> _Exercise instructions_
Your reply should hold exactly the lines from the one that contains "best drift cars under $10000" through the end of the data. Repeat them word for word.

[Collected data]

*** Begin section ***

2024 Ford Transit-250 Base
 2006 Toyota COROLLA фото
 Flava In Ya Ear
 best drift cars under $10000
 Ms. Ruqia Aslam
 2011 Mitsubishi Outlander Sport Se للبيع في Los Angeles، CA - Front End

*** End section ***

> _Task output_
 best drift cars under $10000
 Ms. Ruqia Aslam
 2011 Mitsubishi Outlander Sport Se للبيع في Los Angeles، CA - Front End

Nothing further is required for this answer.